Bolton’s Bluster on China Strategy is All Hot Air, as Always
In an opinion piece appearing in the Wall Street Journal on Wednesday, John Bolton rightly calls attention to the need for the Biden Administration to issue a clear China strategy. This has yet to appear, despite the critical importance of America’s relationship with China.
Thus far, U.S. policy has consisted largely of a series of broad statements by senior administration officials peppered by repeated references of an intention to compete, confront, and cooperate with Beijing where possible; some general agreements or understandings in specific areas such as climate; and most recently, a virtual summit meeting between President Biden and President Xi Jinping. While a positive step forward, the last development provided little more than some reassuring remarks and the prospect of future bilateral working groups on major policy issues.

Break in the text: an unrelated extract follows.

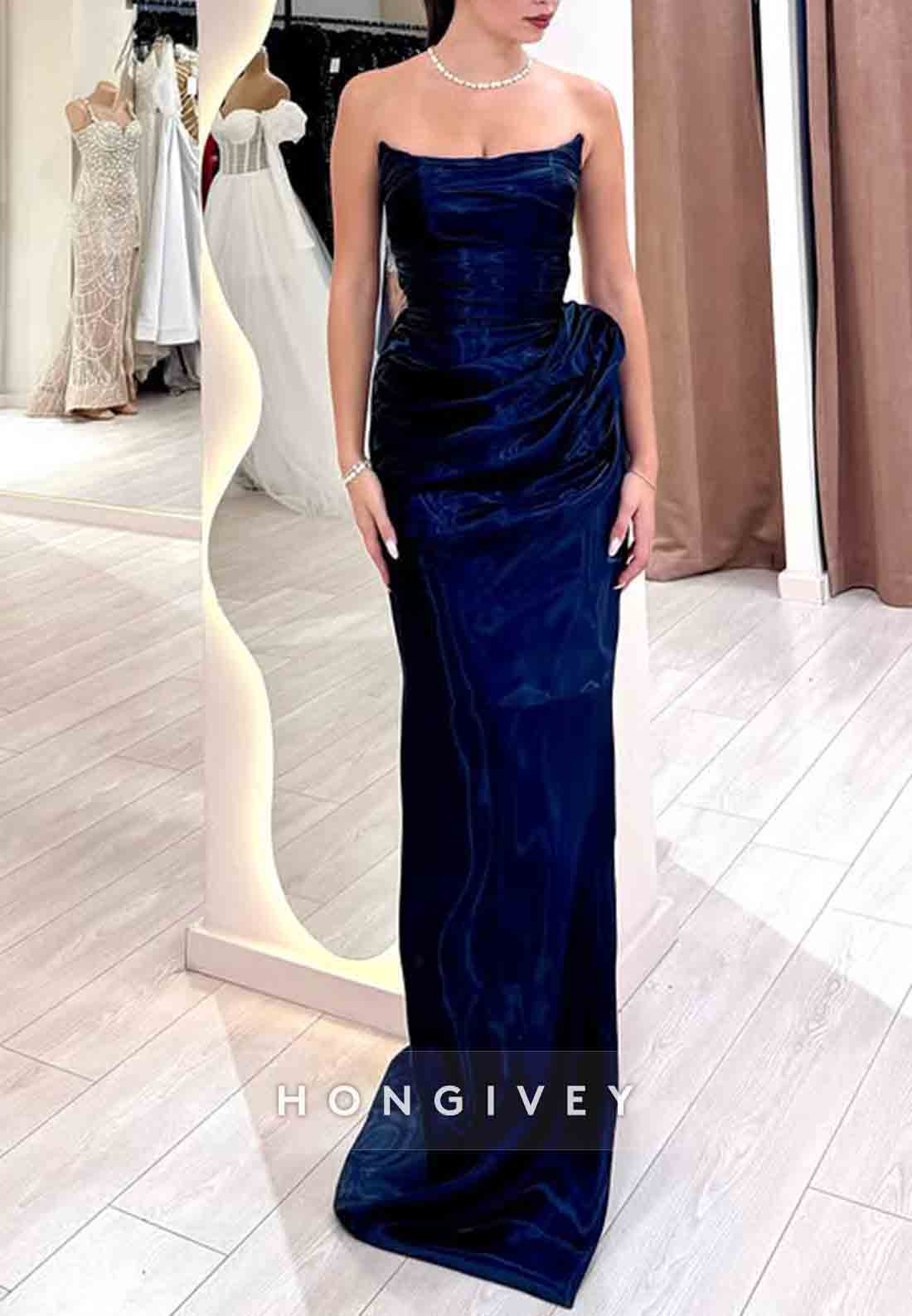 Strapless Column Navy Blue Metallic Pleated Prom Dresses with Side Slit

For all of his bluster, Bolton provides no China strategy of his own to fill this gap. He focuses only on two (albeit very important) issues: Taiwan and strategic arms. And his policy views toward both are exactly what one might expect from a committed neoconservative wedded to U.S. military primacy and preemptive warfare: double down on deterrence toward Beijing, treating Taiwan as a de facto ally and a critical strategic location necessary for containing China within the first island chain. Moreover, he wants to counter China’s supposedly existential nuclear threat to the United States by jettisoning the U.S.-Russia nuclear deal and strengthening America’s “global nuclear umbrella.”
Mr. Bolton needs to stop regarding every security problem the U.S. faces as a nail to be whacked with an American hammer. Treating Taiwan as a strategic asset to be denied Beijing through military means, as Bolton seems to suggest we do, is the surest path to an otherwise avoidable conflict with China. Taiwan is an important democratic friend, but it is not a vital component of America’s defense. It is primarily a political problem that cannot be solved by ever greater levels of U.S. military strength and open-ended support for the Taiwan government. China is too big, too strong, and too committed, and the island is far too close to the Chinese mainland, for such a simplistic approach to work, even if financially viable (which it is not).

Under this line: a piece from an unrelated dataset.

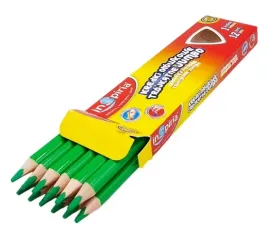 inspiria-kredka-trojkatna-olowkowa-jumbo-opakowanie-12-sztuk-kolor-zielony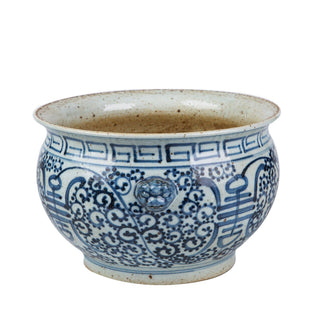 Blue & White Porcelain Curly Vine Longevity Bowl Planter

The only viable U.S. strategy for managing this problem over the foreseeable future is to reinject new life into Washington’s anemic One China policy by clearly limiting its political and military ties with Taipei even as it pressures the island to do much more for its own defense, while also building the U.S. capabilities necessary to prevent a Chinese miscalculation. Few Americans will agree to send their sons and daughters to fight and die for a Taiwan that fails to do what is required to defend itself. This is especially true if Washington is seen as provoking such a conflict by throwing away the only policy approach that has preserved the peace in Asia.
On the nuclear front, Bolton again seems to think that more weapons are always better. A renewed nuclear arms race, this time including China, will simply deplete U.S. resources desperately needed elsewhere without adding one whit to U.S. security. China’s nuclear weapons pose a direct potential threat to the United States, and its increasing nuclear arsenal indeed requires Beijing’s entrance into some level of strategic dialogue with the other nuclear powers. But this should proceed on the basis of a U.S. recognition of the reality of mutual deterrence based on mutual vulnerability, and a desire to place clear limits on those types of nuclear weapons that make such warfighting more acceptable, not on some destructive effort to eliminate all restraints.
Bolton is right to demand an actual China strategy from the Biden Administration, but we don’t need the strategy he appears to be pushing.